Bid vs. Ask
Updated on March 13, 2019
When looking at a stock quote, you will typically see a stock’s current price, volume, and the bid and ask prices. Often investors attempt to buy or sell a stock, focusing solely on the stock’s current price. They place an order at the stock’s current price and become confused why their buy or sell order isn’t executing. This is primarily due to the investor not paying attention to the bid and ask prices. The stock’s current price seems straightforward enough, but what do the bid and ask mean and why are they important?
What Are Bid and Ask Prices?
The bid and ask of a stock are the best potential prices that buyers and sellers are willing to execute a deal at. Each stock will have both a bid and ask price, with the bid being the highest price buyers are willing to pay for a stock and the ask being the lowest price sellers are willing to sell a stock.
Where Do the Bid and Ask Prices Come From?
These two prices are determined from the buy and sell orders submitted by investors from all over the world. When someone wants to buy a stock, they will receive the stock at the ask price since this is the lowest price sellers are willing to give it up for. When someone wants to sell a stock, they will receive the bid price since this is the highest price buyers are willing to pay for a stock. In other words, a trade between two investors is only made when a seller’s ask price meets a buyer’s bid price and vice versa.
Bid and Ask Size #
The bid and ask are also both accompanied by a size # which lets you know how many shares are available at the bid and ask prices. Throughout a trading day, a stock can have multiple combinations of bid and ask prices and sizes as they are updated in real time just like the stock price itself. At any given time, only the best possible prices to buy and sell a stock will be shown as the bid and ask.

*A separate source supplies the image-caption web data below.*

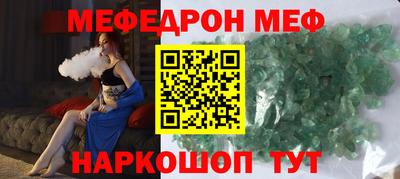 скорость Тулун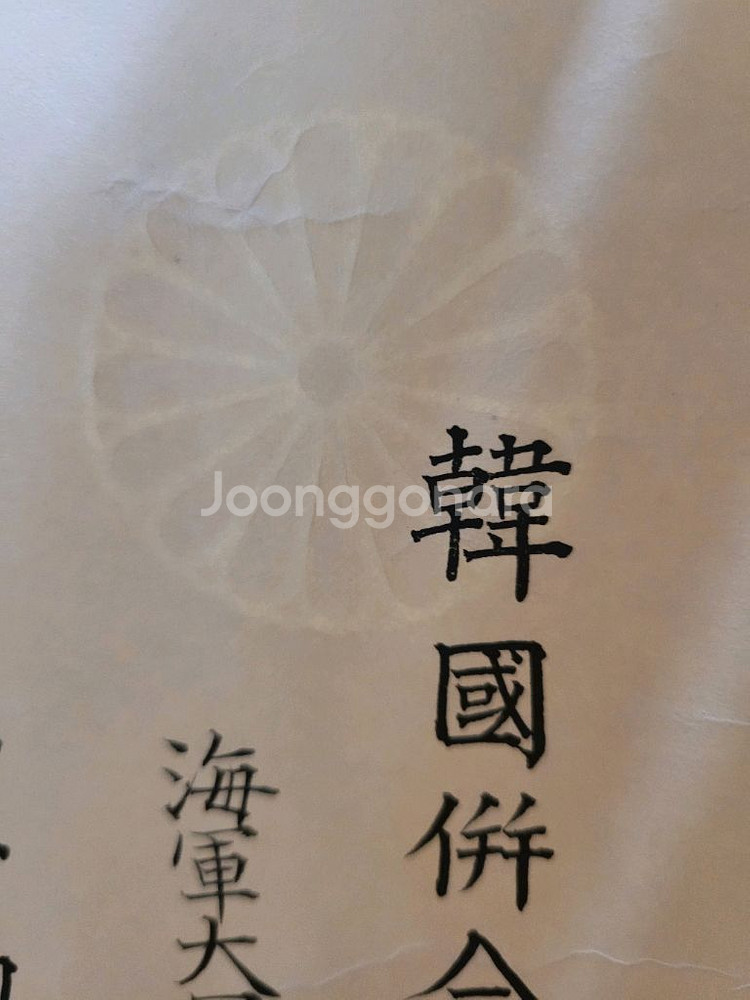 한국병합기념장증서 및 기념장, 오리지널 나무통--6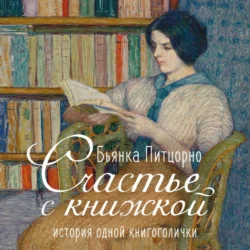 Счастье с книжкой. История одной книгоголички, Бьянка Питцорно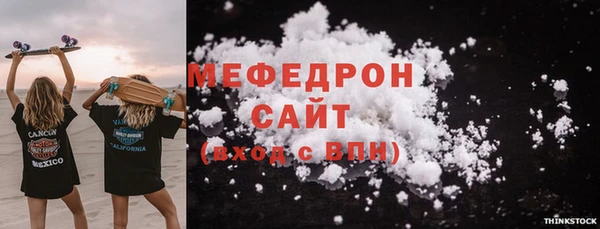 соль курить ск Дубна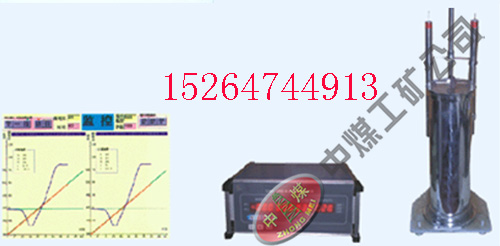 AY-6΢CWÛȜyx 
P(gun)I: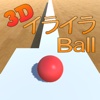 激ムズ！3DイライラBall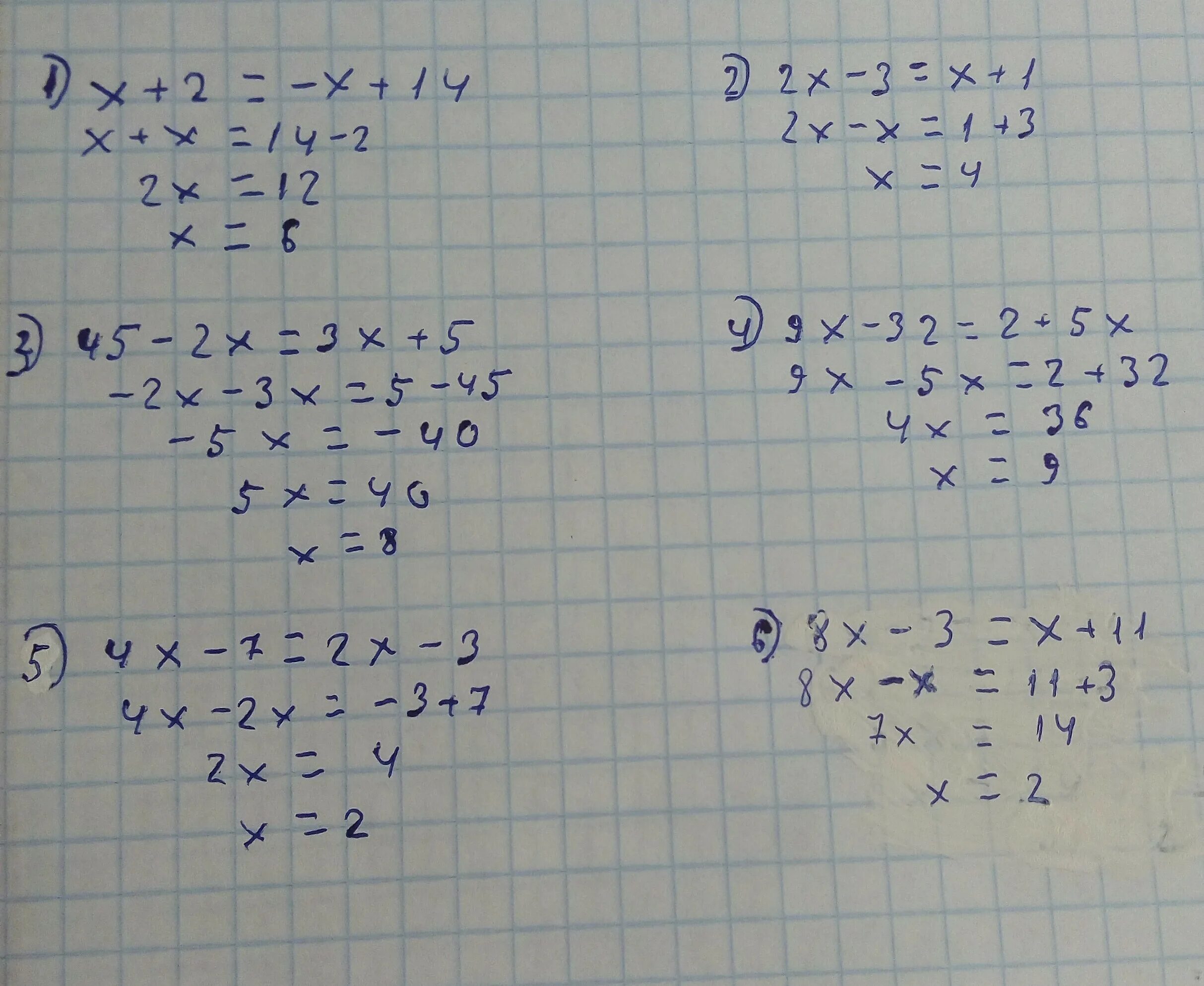 Х-6/Х-12-Х-12/Х-6=5/6 1 х6 х8 2 х3 6 3 х12 х 5 4 2х4 3. Х²-9/10-3х(2/х-4-4х/х²-х-12). 5+4х=6х+8. У=1.2х5+4х2-3х3-1.2х+0.007.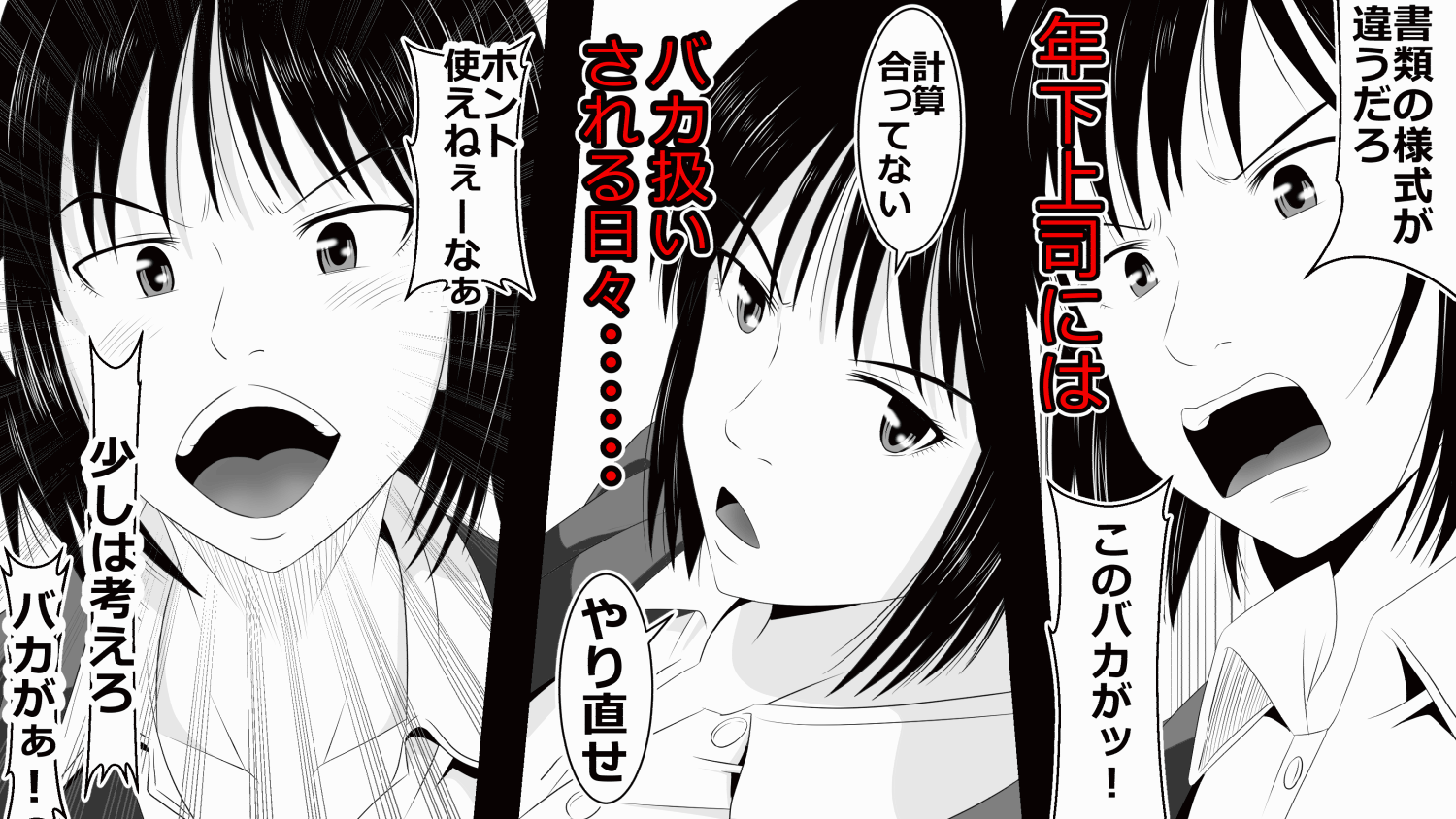 30-sai Doutei de Mahoutsukai ni Natta Ore wa Mukatsuku Onna-domo ni Fukushuu Shitatta.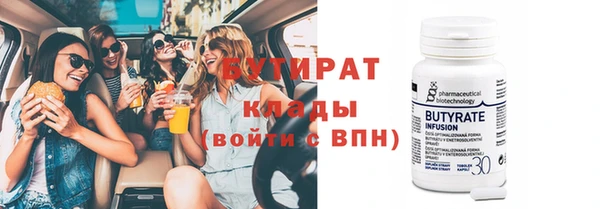 крисы Заволжск
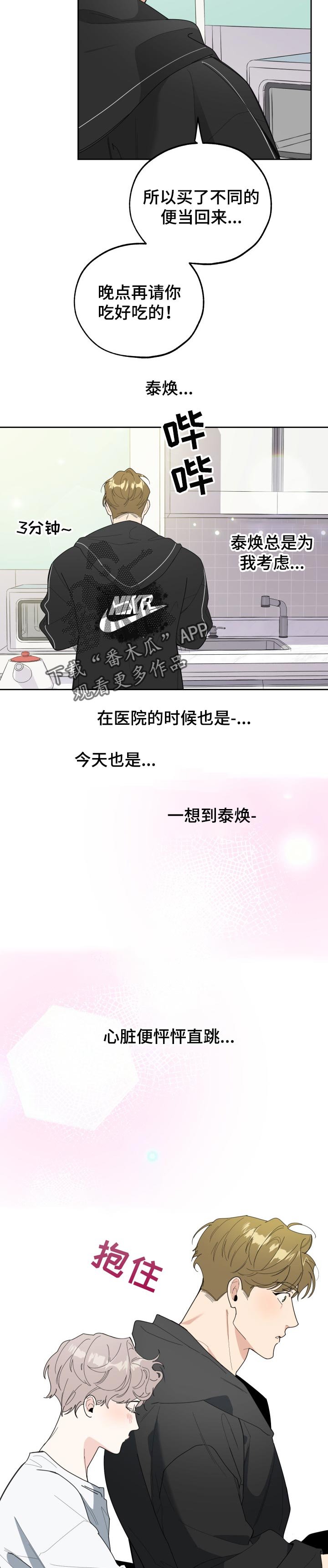 第43章：感谢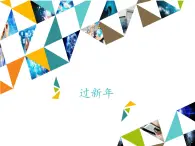 二年级上册音乐课件-第六单元 《过新年》｜人教新课标（2014秋） (共14张PPT)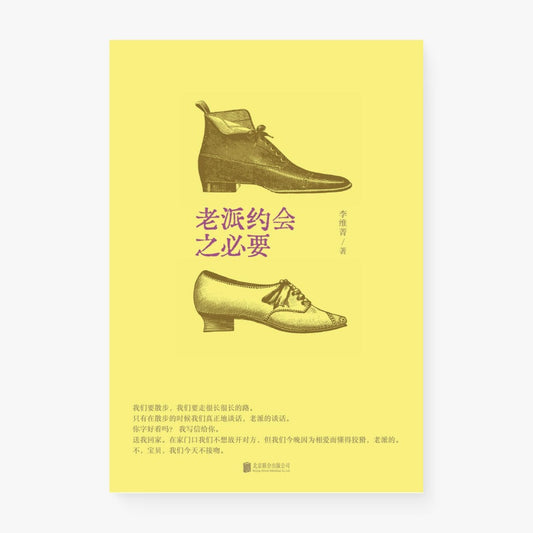 老派约会之必要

When looking at the bid and ask of a stock, it is also important to pay attention to the spread between the two. The bid-ask spread is simply the difference between the bid and ask price of a stock at any moment. A small bid-ask spread means the stock is highly liquid and can easily be traded because the prices wanted for buying and selling the stock are close to each other. A large bid/ask spread means the prices wanted for buying and selling the stock are farther away from each other, meaning the stock is not as liquid. This means an agreement between a buyer and seller will be less likely.
Bid-ask spreads are maintained and influenced by Market Makers to keep markets running efficiently. Market Makers are firms or individuals who buy and sell stocks to create a market, maintain liquidity, and hopefully return a hefty profit for themselves.
For example, if you wanted to sell 10 shares of ZMT’s Camera Company at $100 a share, there would have to be someone wanting to buy 10 shares of ZMT’s Camera Company around the same time and at the exact same price you wanted to sell them at. Frequently this exact match is not met and a Market Maker would buy your 10 shares at the ask price of $100 a share. The market maker would then try to sell the 10 shares to another investor at a bid price above $100 and pocket the difference. This provides a Market Maker with a profit while also giving you a better opportunity to buy and sell stocks immediately at your desired price regardless if there is another investor matching your order.
When buying and selling stocks, make sure you are aware of the bid and ask prices! This will save you some confusion on why your orders might not be executing while also providing you a deeper look at what prices investors are willing to trade the stock for.